The glasses are typically worn for about 30 minutes at a time a few times a week, and have proven in clinical trials to help kids with ADHD improve their focus.
“We had a number of kids who were diagnosed [with ADHD] and on medication, and they wore our glasses a few times a week while they did their homework,” Greco said. “In as short as 20 training sessions, many of them were taken off of medication.”
The Rise of ADHD in the Classroom?
Elena Zimmerman believes that the increase in diagnosis for ADD and ADHD is not a rise in the actual number of cases in these conditions, but rather, growthin awareness of the presence of these conditions. She notes that children and adults on the autistic spectrum and with neurological deviations (such as ADHD) have always been a part of every population, but thinks it is ‘wonderful’ that now these conditions can be recognized, diagnosed, and the symptoms better managed.

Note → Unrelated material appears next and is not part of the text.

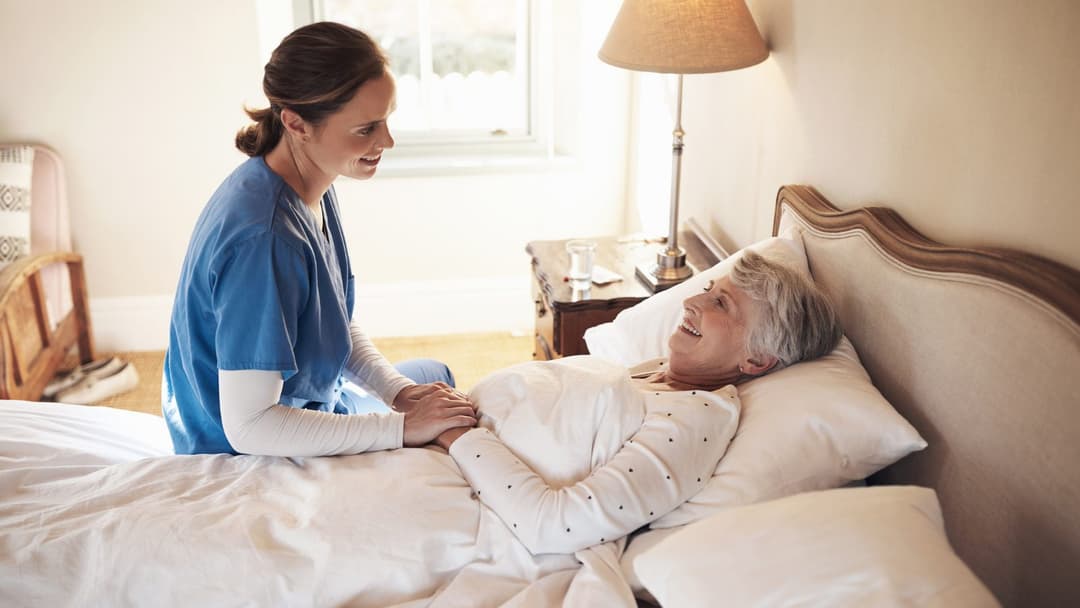 Caregiver in scrubs sitting on the bed and holding the hand of a smiling elderly woman resting in her bedroom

“As far as how the new levels of diagnosed teachers with ADD/ADHD will impact and change the classroom, I don’t believe it will. We have always been there. The only real difference is now we are part of a statistic,” says Zimmerman.
Whether the growing number of children and women diagnosed with ADHD is a phenomenon based on more cases or simply that people are better at recognizing and naming the condition, the reality is that ADHD remains a concern for schools everywhere. Whether you’re a student or a teacher diagnosed with ADHD, you can flourish in the classroom by first understanding — and then adapting and developing — your learning or teaching style accordingly.